Pienso que murió a los 37 años porque, ay, había llegado a la culminación de su luctuosa y penosa historia de oprimido por un espíritu maléfico. Pues Van Gogh no abandonó la vida por sí mismo, por efecto de su propia locura. Fue por la coacción, dos días antes de su muerte, de ese espíritu maléfico conocido como Dr. Gachet, psiquiatra profano, causa eficiente, directa y suficiente de esa muerte.
Después de leer las cartas de Van Gogh a su hermano, he llegado a la franca y segura certeza de que el doctor Gachet, "psiquiatra", aborrecía, en verdad, a Van Gogh, pintor, y que lo aborrecía como pintor, pero sobre todo como genio.
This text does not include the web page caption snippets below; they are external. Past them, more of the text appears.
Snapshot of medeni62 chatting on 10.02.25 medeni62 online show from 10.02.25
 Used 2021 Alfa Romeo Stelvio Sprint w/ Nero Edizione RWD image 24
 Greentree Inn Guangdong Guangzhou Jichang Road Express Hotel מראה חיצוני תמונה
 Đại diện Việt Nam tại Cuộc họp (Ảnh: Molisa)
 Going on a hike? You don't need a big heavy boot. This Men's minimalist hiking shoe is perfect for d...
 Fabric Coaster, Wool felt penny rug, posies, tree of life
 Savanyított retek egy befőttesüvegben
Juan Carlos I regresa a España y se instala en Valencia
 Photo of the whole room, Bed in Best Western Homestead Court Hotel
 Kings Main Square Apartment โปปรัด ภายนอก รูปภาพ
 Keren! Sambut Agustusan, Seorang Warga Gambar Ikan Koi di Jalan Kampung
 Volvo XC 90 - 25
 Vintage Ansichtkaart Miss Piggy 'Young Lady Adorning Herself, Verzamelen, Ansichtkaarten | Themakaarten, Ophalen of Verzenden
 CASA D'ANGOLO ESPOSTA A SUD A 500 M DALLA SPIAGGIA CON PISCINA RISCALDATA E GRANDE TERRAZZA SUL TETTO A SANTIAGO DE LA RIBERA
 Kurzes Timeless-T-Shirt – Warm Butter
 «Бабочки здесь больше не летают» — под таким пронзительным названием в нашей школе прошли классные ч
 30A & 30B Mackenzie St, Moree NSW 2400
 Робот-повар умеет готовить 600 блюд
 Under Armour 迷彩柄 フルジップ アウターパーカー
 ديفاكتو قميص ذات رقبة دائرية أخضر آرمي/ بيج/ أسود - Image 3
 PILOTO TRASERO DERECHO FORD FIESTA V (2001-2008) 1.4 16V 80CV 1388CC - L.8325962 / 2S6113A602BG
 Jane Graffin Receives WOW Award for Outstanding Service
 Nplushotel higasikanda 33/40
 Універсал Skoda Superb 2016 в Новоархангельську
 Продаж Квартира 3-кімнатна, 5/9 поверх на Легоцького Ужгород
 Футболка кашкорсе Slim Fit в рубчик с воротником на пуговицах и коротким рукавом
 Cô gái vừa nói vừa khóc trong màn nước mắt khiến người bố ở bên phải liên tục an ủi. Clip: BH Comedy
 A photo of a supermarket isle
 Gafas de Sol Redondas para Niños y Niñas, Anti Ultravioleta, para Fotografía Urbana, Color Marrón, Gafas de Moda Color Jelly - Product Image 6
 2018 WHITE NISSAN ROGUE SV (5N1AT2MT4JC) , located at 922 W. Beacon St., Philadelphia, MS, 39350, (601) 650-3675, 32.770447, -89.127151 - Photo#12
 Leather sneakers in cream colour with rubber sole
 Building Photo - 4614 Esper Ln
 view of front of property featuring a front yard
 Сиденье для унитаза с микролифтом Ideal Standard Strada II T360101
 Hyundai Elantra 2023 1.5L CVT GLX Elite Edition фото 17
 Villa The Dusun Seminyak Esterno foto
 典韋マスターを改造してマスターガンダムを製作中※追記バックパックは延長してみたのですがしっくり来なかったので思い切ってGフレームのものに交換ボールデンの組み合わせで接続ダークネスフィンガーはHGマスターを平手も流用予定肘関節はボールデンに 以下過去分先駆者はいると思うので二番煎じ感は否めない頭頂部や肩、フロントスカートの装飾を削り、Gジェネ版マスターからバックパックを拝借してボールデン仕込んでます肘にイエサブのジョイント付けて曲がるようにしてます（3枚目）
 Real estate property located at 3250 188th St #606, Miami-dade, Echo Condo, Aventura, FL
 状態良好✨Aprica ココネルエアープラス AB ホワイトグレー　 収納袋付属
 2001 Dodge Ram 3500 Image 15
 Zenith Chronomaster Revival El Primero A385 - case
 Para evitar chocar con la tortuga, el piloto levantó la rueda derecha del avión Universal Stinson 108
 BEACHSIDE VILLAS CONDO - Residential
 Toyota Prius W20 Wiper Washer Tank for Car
Es inútil intentar ser a la vez médico y hombre honrado, pero es humillantemente imposible ser psiquiatra sin estar a la vez marcado a fuego por la más incuestionable insania: la de no poder oponerse a ese antiguo reflejo atávico de la turba que hace que cualquier hombre de ciencia, atrapado en la turba, se convierta en una especie de enemigo nato e innato de todo genio.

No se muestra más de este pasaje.